The barrage of flavours that comes with the Christmas spread lends itself to so many wines, and we had a great time suggesting bottles to go with members’ festive spreads this year, via this blog and a number of articles and videos elsewhere on The Society’s site. We see no reason not to continue in this vein now that the curtain has come down on The Big Day itself!

Here Society buyers Marcel Orford-Williams and Jo Locke MW’s thoughts on their own Christmas dinner and wine matches:

Marcel Orford-Williams

Marcel Orford-Williams

Marcel Orford-Williams: So Christmas is done for another year and a very good one it was too. I thought I had planned lunch wines well before but in fact changed my mind once, then at least three more times before deciding at the very last minute on a pair of Alsace wines.

No region of France does Christmas like Alsace. It is, according to some, where Christmas trees originated (from the town of Séléstat to be precise). Christmas Eve had been about riesling from the Saar so something else was called for. In any case the richness of all the trimmings with the stuffing I had made using chestnuts and quince called for something quite rich and so my choice fell upon a weighty but dry Gewürztraminer Grand Cru Hengst by Josmeyer from the excellent 2005 vintage (we’re currently selling the 2007). It was just fabulous and matched the food perfectly.

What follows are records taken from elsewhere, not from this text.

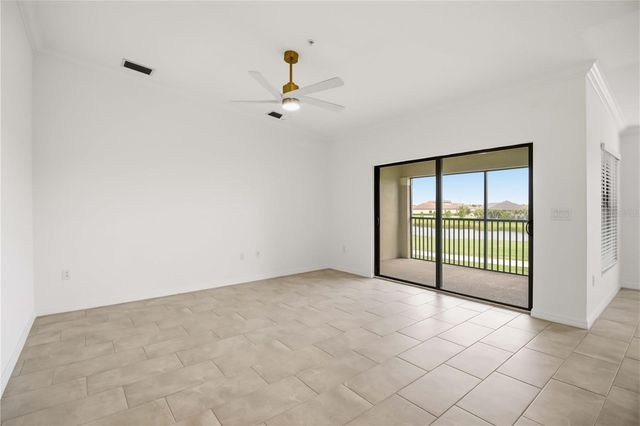 5695 PALMER CIRCLE 203, Bradenton, FL 34211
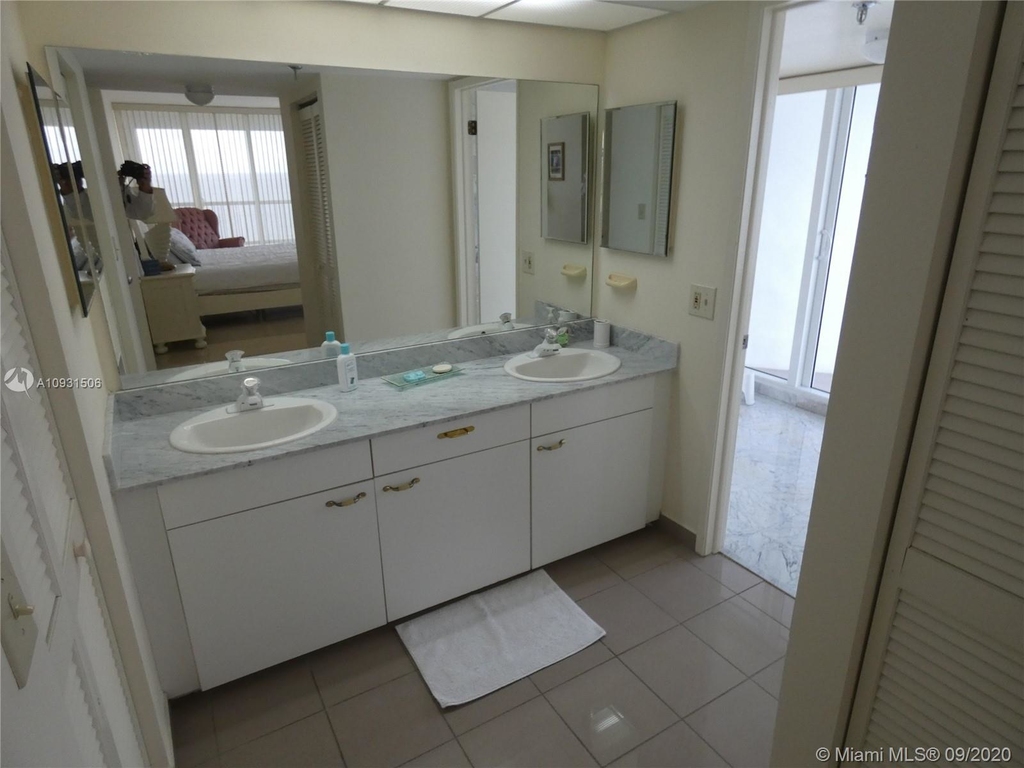 9341 Collins Ave - Photo 11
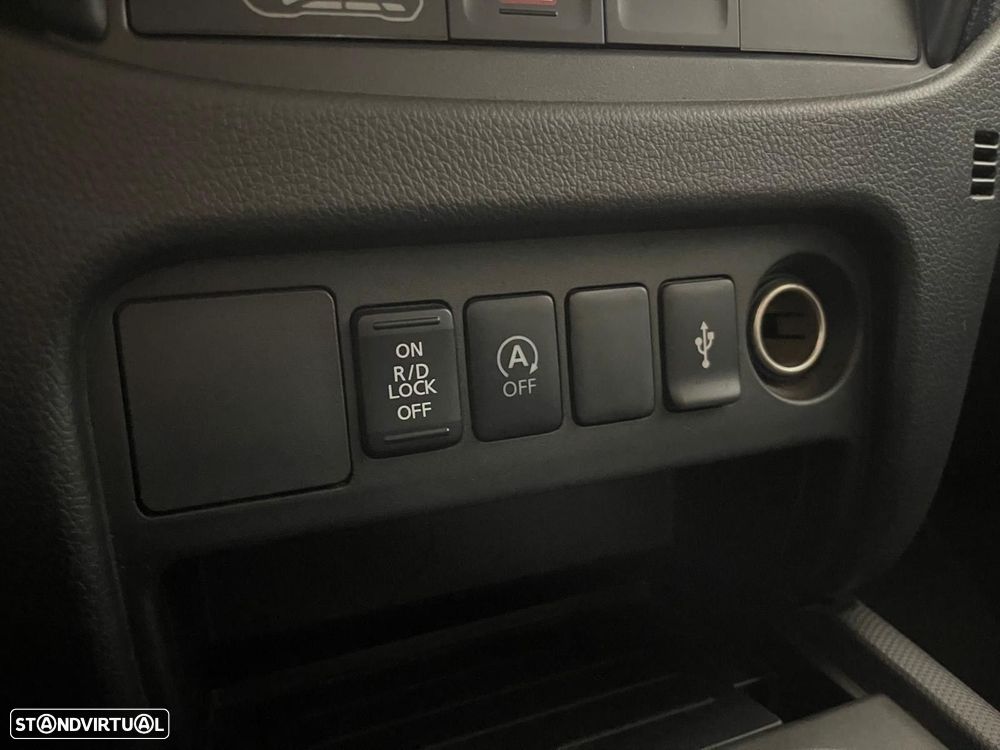 Mitsubishi L200 2.3 DI-D CD Invite Strakar Look 4WD - 22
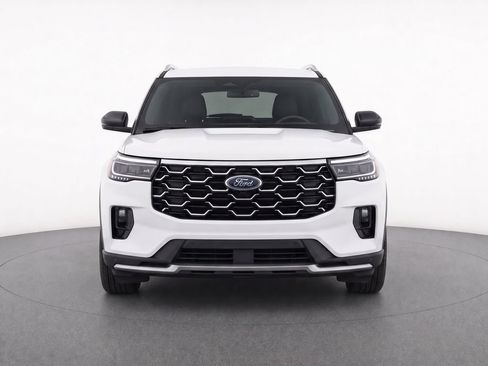 Used 2025 Ford Explorer Platinum w/ Ultimate Package AWD/4WD image 6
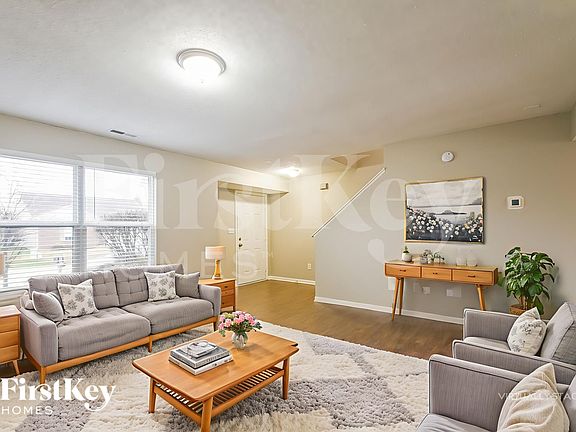 4th image of 19127 Fox Chase Dr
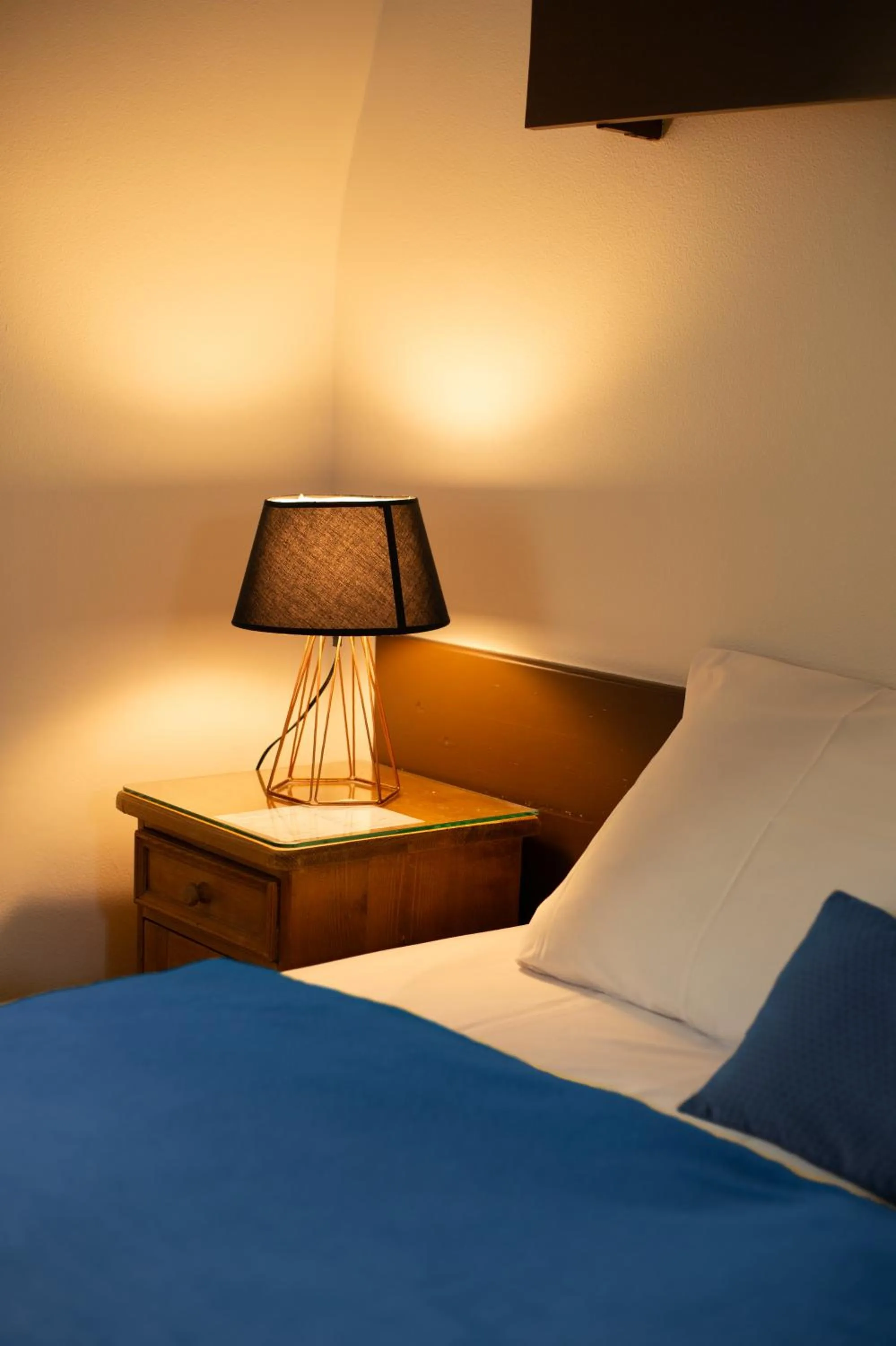 Bed in Hotel La Vieille Lanterne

As a contrast I found a pinot noir from the same vintage from Hugel. Both were equally enjoyed and the Hugel was just perfect, still sweet, round, fruity but with enough body match the bird.I shall remember this pairing for next year!

Jo Locke MW

Jo Locke MW

Jo Locke MW: Three bottles stood out over our snow-challenged Christmas in the Alps. Roederer’s Brut Premier was right on form and a perfect treat for three. Catherine Marshall’s 2012 Pinot Noir from South Africa (sadly long since sold out) seemed to have filled out and blossomed into a perfect match for our roast guinea fowl which delivered some gorgeous flavourful juices and meant we did not miss turkey and trimmings at home.

My family’s preference for rare beef meant bavette on Christmas Eve – on the local family butcher’s well-stocked counter a rather unattractive fibrous-looking, if lean, French cut which the dictionary described as ‘undercut of sirloin’. The recommended flash frying to ensure tenderness complemented a delicious bottle of Château Poujeaux 1996, from a Society mixed case of some years ago, which proved that more modest appellations can be a great buy in good vintages. No hurry to drink this one if you have any – indeed, we wished we had a second tucked away!